Seeking Mental Health Help

Posted by : Cindy Bodie in Older Child Adoption Blog at 07:17 am , 651 words, 82 views  
Categories: Out of Home Placement, Disorders/ Illness, Adoptive Families, Welcome To Our Blog

Maybe when I’m in the middle of a morass I shouldn’t blog? The author of a recent and insightful book regarding her adoption experiences was castigated for her brutal honesty. She was told, in a very ugly manner, that she was ruining it for others. This I disagree with totally. I believe she shone a beacon of light into a dark situation, validated the experiences of many adoptive parents, and she was encouraging as well.
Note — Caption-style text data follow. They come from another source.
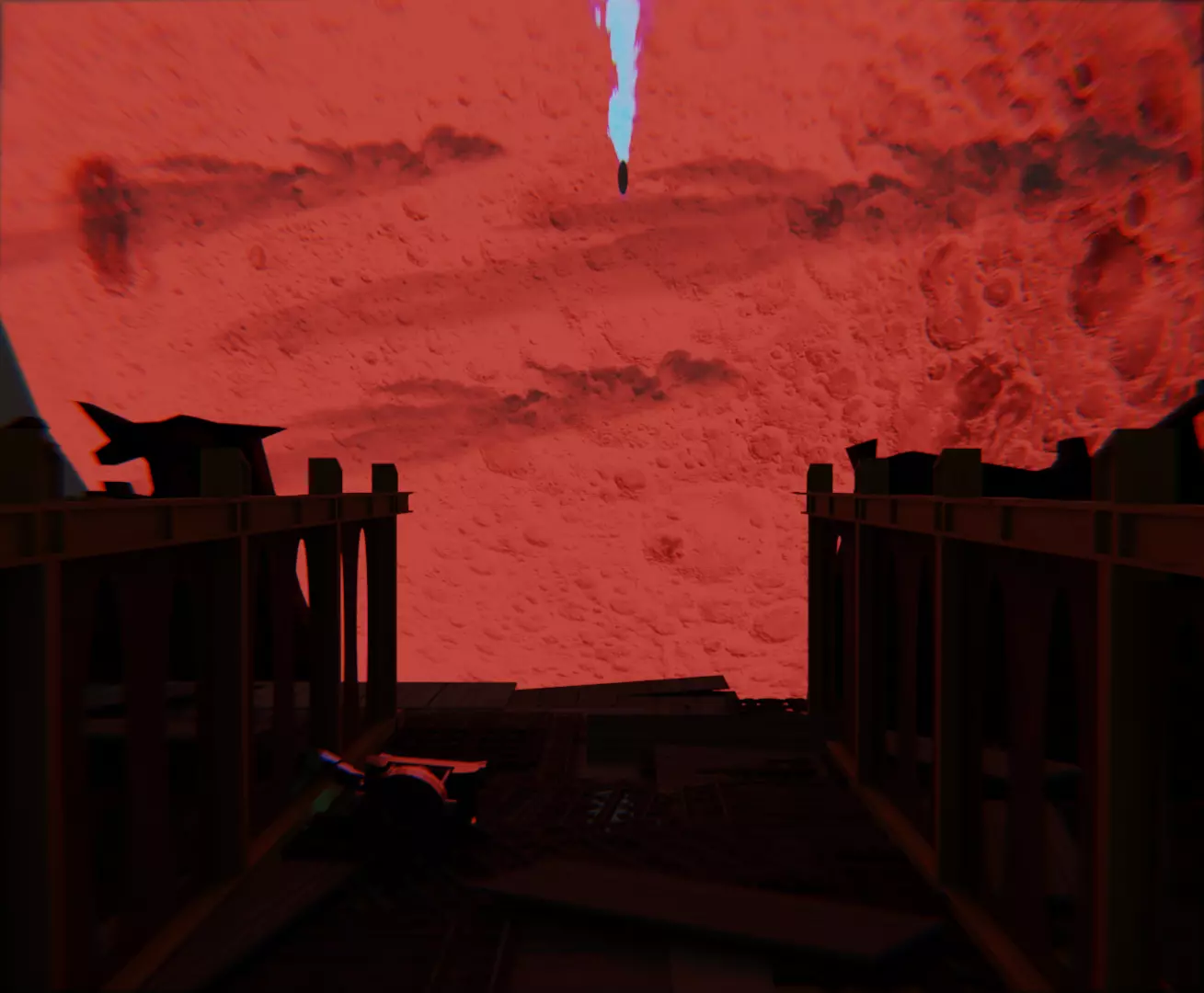 arcane red moon scene 3D model_0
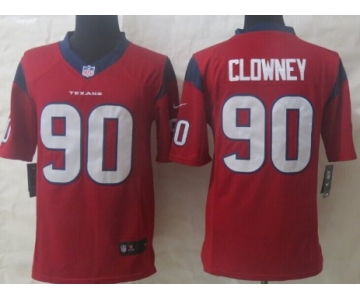 Nike Houston Texans #90 Jadeveon Clowney Red Limited Jersey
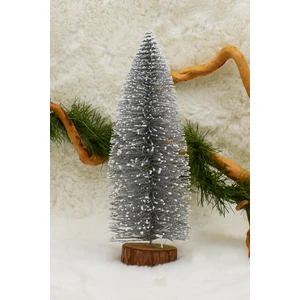 Mini Silver Çam Ağacı 25 cm Yılbaşı Süsü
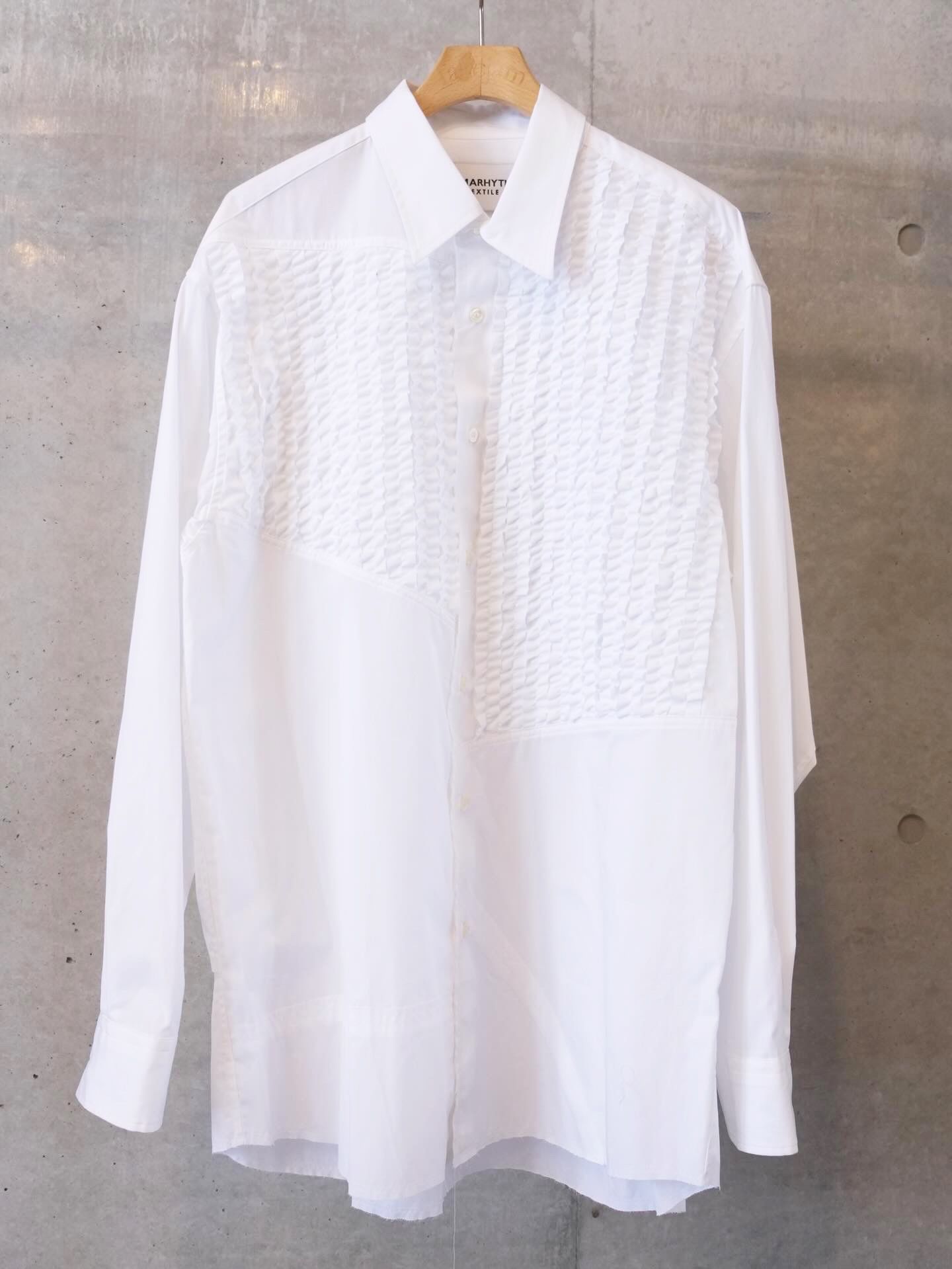 Frilled Patchwork Shirt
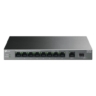 tp link tp link ls1210gp 10 port gigabit desktop litewave switch with 8 port poe gb sfp port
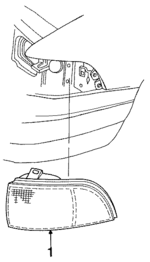 5976556 - Electrical: Park/Turn/Side for Buick: Commercial Chassis, Roadmaster | Chevrolet: Caprice, Impala | Oldsmobile: Custom Cruiser Image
This article about the desperate need for foster and adoptive parents grated on my on raw nerves today for no other reason than I feel particularly singed lately. Swallowing bitterness has killed my appetite for nutrition at the moment. This article indicated that a radio show about an infant adoption tempted some 50 inquiries. I too, over the years had once been inspired by The Need.

I want to go on the same radio show and scream that all foster and adoptive parents will not only be unappreciated, they will be reviled and unsupported nine times out of ten. It’s that tenth good time though that keeps me going.

Another article is way more on target.

Study shows foster kids five times more disturbed

“Foster children suffer up to five times more mental health problems than kids living with their families, and most are going without treatment.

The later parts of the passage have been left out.